To evaluate variation in FA among N. trispinosa in the absence of any designated manipulation, and to evaluate the relationship between population genetic structure and FA, we collected a further 20–30 nymphs from both experimental and control channels as well as four additional sites (Fig. 1, sites 2–5). Additional sites were of similar habitats (cold-water springs) varying in distance from Valley Spring (1, 40, 150 and 250 km, respectively). Collections were made at similar distances from the spring’s sources (within 10 m), and thus thermal regimes (including annual and diurnal ranges) were expected to be similar (for detailed temperature records at site 1, see Hogg & Williams 1996). Qualitative estimates of temperature suggested that the more northerly locations (sites 4 and 5) may have had slightly (e.g. < 1 °C) cooler mean annual temperatures. Individuals from sites 1–4 were retained for the genetic analysis (see below).

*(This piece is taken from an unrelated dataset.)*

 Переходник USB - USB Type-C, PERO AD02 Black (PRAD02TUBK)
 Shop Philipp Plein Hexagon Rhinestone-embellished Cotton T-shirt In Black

ANALYSIS OF FLUCTUATING ASYMMETRY

To assess FA, we used the numbers of spines located on the anterior margin of the third tarsal segment of each leg (Fig. 2). Selection of this feature was based on: (i) previous studies that had successfully used similar (meristic) measures to demonstrate a relationship between FA and environmental conditions (Clarke, Brand & Whitten 1986; Clarke & McKenzie 1992; Leary, Allendorf & Knudsen 1992); and (ii) our own preliminary investigation showing that the spines were easily counted (range 12–22), variable in number both within and between individuals, and robust, with easily discernible follicles (Fig. 2), such that any damage due to handling would not bias our measures. Furthermore, removal of legs from the frozen animals would permit immediate processing of the specimen for allozyme analysis (see below). We focused solely on meristic measures for our comparison of control and experimental channels to avoid problems of measurement error associated with metric measures (Clarke & McKenzie 1992). However, we caution that our reliance on a single type of trait (i.e. leg spines on each leg) was intended only to determine whether these characters could be used as simple biological indicators of stress; we did not intend our analysis to provide a thorough evaluation of all possible measures of FA (Leung & Forbes 1997).

Figure 2.

Third tarsal segment (front, left leg) of nymphal Nemoura trispinosa showing spines used as a measure of fluctuating asymmetry.

To evaluate more fully any relationship between genetic structure of populations and FA, we also included a second measure, the diagonal length of the third tarsal segment of each leg. Leg pairs were dissected from between 20 and 50 animals for each treatment/location, and each set was permanently mounted on a slide. Spines were counted with the aid of a compound microscope at ×250 magnification, and leg lengths (sites 1–4) were taken with the aid of an image analyser attached to an inverted microscope (Axiovert 100; Carl Zeiss, Oberkochen, Germany) and calibrated at ×100 magnification.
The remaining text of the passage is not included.